In the dead of winter, a musician travels to a remote cottage to work on new material, but soon finds herself under attack from a mysterious dark presence.
A Salem Horror Fest 2020 Review
It’s a challenging feat to be alone on screen for most of a film’s runtime without losing the audience’s attention. Star Teagan Johnston carries this off effortlessly in director Ryan Glover’s achingly haunted horror The Strings, which was co-written by Glover and Krista Dzialoszynski.

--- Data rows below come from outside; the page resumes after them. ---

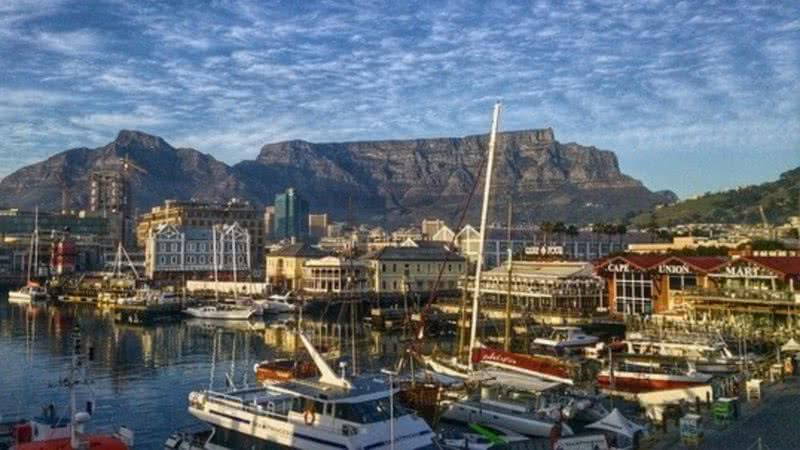 Fotografia de área portuária da Cidade do Cabo, na África do Sul - Foto por HPBotha pelo Wikimedia Commons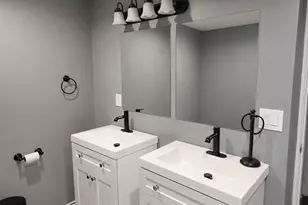 43 Northpark Dr, Levittown, PA 19054 - Photo 22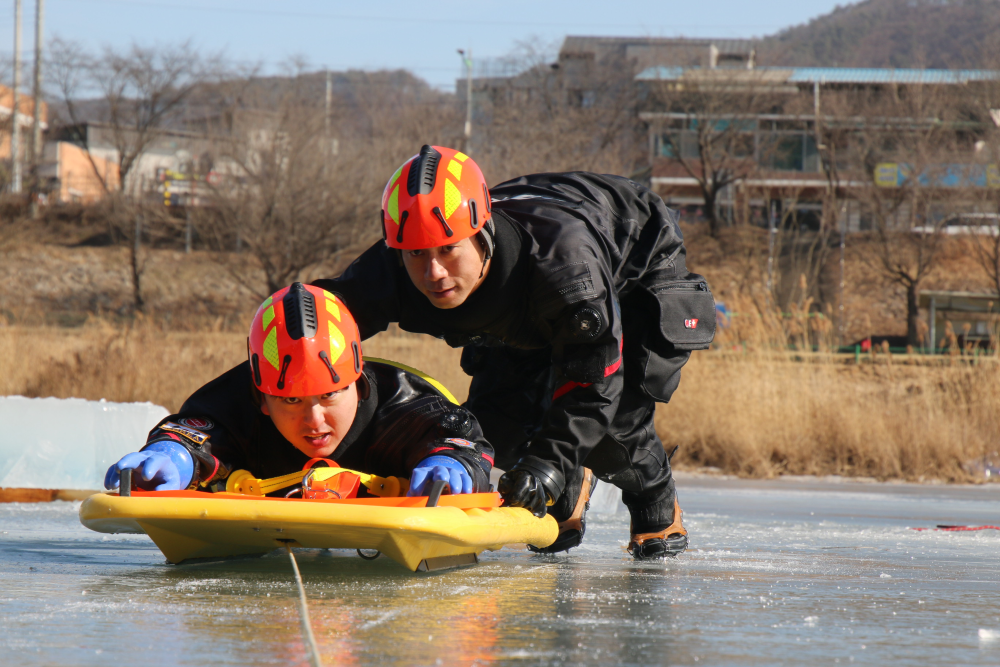 2.6. 동계·해빙기 수난사고 대비 특별구조훈련 3.JPG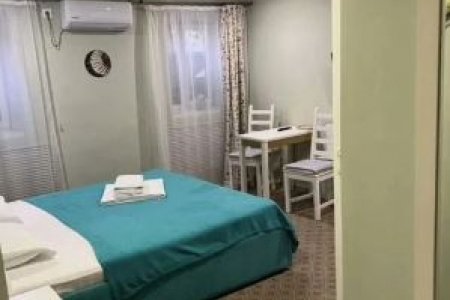 Кровать в улучшенном номере в Littlehotel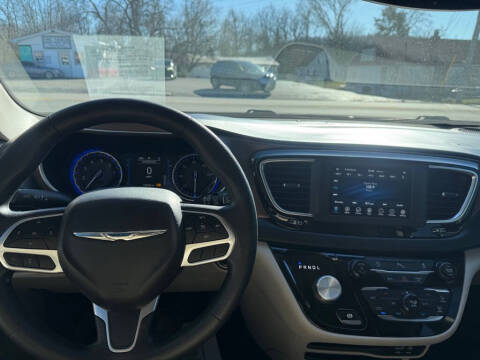 2019 Chrysler Pacifica Touring Plus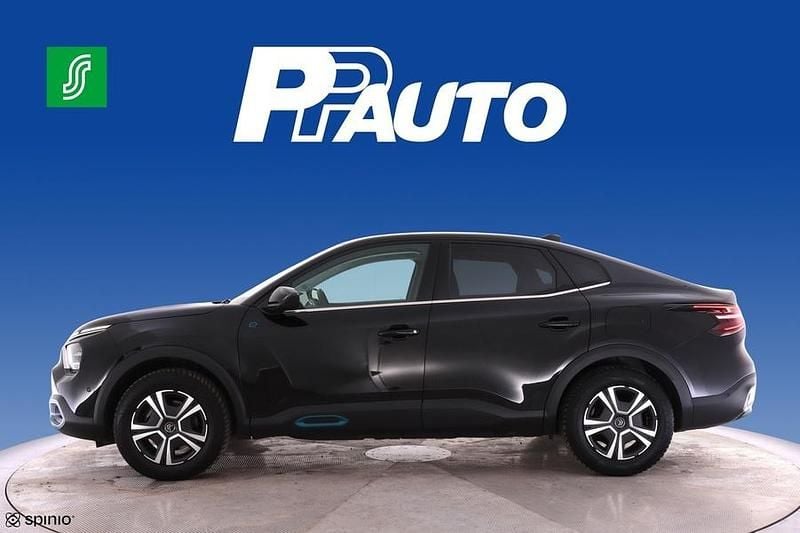 Käytetty Citroën e-C4 Shine 100 kW (136 HP) 2023 Sedan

The film establishes a chilly, moody tone from the get-go, watching from a distance as an unknown man wades slowly into the ocean, his arms held cruciform, drowning himself. It then introduces us to Catherine (Johnston), a singer recovering from a messy breakup that seemingly resulted in the collapse of her band. Catharine is spending the winter alone in her aunt’s beach house on Prince Edward Island in Canada in the hopes of writing some new music, leaving the house only occasionally to perform in near-empty venues, speaking to almost no one except friend Anita (April Aliermo) over Zoom and an agent and journalist we never see.
The one exception to Catharine’s self-imposed isolation is her budding romance with Grace (Jenna Schaefer), a local photographer helping her shoot the cover for her upcoming album. Catharine is clearly still haunted by the unseen partner she’s left behind, but Grace seems to be helping her patch that hole in her heart. That is, until they travel to a local haunted house to take some pictures, and something sinister seems to follow Catharine home.
The Strings is a quiet little movie that is big on atmosphere even if it is light on actual scares. Glover successfully establishes a feeling of isolation only to masterfully strip that away, leaving us with the distinct impression that something is watching Catharine, even when the shadowy entity isn’t in sight. He also knows how to use empty space to make the eye scan the frame restlessly, certain that something must be lurking just over Catharine’s shoulder. The creepy moments are familiar but effective, gradually building up to a shocking finale that perfectly complements the film’s stark, sparse vibe.
Before we can get there though, we have to spend a lot of time hanging out with Catharine while she works on her music, and not a moment of it feels dull. This is Johnston’s movie through and through, and she gives a beautifully raw performance that is hard not to sink into. It helps that Johnston is a musician first and foremost, because the creative process she portrays feels realistic and the music she performs is lovely and hypnotic. We’re watching someone work through their demons and channel them into art in real time, and anyone who’s gone through that process will instantly relate.
A modest but powerful film, The Strings hits all the right notes and offers a refreshingly organic queer relationship and unconventional lead. More unsettling than it is genuinely frightening, it doesn’t seem particularly interested in giving many answers, which is sure to leave some viewers unsatisfied. But for those who enjoy a good slow-burn, put this one on to simmer and let it wrap you in its icy layers.